The researchers vastly improved their prospects by zeroing in on scarce but crucial cells that are responsive to estrogen — that is, cells that have receptors for this major female sex hormone. (Estrogen is also present in males, although in lower levels.) Women’s estrogen levels and those of another hormone, progesterone, wax and wane on a roughly monthly basis, like phases of the moon — as do corresponding female-sex-typical behaviors in many mammals. In mice, ovulation and maximal sexual receptivity, known as estrus stage or heat, is marked by peaks in both hormones’ levels; the polar opposite, or diestrus stage, by troughs in the hormone levels.
These primal behaviors are essential to survival and reproduction.
Shah was able to purify tissue from each of the four key brain structures in a way that enriched the resulting brain-cell population for estrogen-responsive cells — the “needles,” in Shah’s analogy. Comparing males, females in estrus and females in diestrus, the researchers discerned 1,415 genes with activity levels that varied among the groups.
The estrogen-responsive cells were far from alike. In one brain structure called the bed nucleus of the stria terminalis, they could be classified into 36 separate cell types distinguished by the genes in each cell type that were especially active in one or another of the mouse groups. (The bed nucleus of the stria terminalis, or BNST, is also found in human brains.)

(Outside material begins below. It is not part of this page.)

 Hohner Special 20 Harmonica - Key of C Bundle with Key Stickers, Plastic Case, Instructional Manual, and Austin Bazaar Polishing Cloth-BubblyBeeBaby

Of these 36 estrogen-responsive cell types in mice, the scientists showed that just one was essential to male mice’s ability to rapidly recognize the sex of an unfamiliar mouse and then behave characteristically toward it.
Another brain structure, called the ventromedial hypothalamus, or VMH (also found in the human brain), contained 27 estrogen-responsive cell types distinguishable by different patterns of gene activation. Knocking out the performance of just one of those cell types — but not of the other 26 — transformed females who would ordinarily be sexually interested into ones who rejected sexual advances even when they were in heat.

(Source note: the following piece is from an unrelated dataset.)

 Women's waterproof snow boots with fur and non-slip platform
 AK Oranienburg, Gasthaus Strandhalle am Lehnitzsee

Those BNST and VMH cell types that regulate males’ recognition of gender and females’ sexual receptivity, respectively, were the “needles within needles” in the haystack that’s the brain. What tasks each of the other 35 sex-hormone-responsive cell types in the BNST and the other 26 equivalent cell types in the VMH are carrying out, whether sex-differentiated or not, is a mystery, Shah said.
‘Tip of the iceberg’
“This is probably just the tip of the iceberg,” he said. “There’s likely to be many more sex-differentiated features to be found in these and other brain structures, if you know how to look for them.”
Stanford’s Office of Technology Licensing has filed for a patent on intellectual property associated with the study.
Shah is a member of Stanford Bio-X and of the Wu Tsai Neurosciences Institute at Stanford and a faculty fellow of Stanford ChEM-H.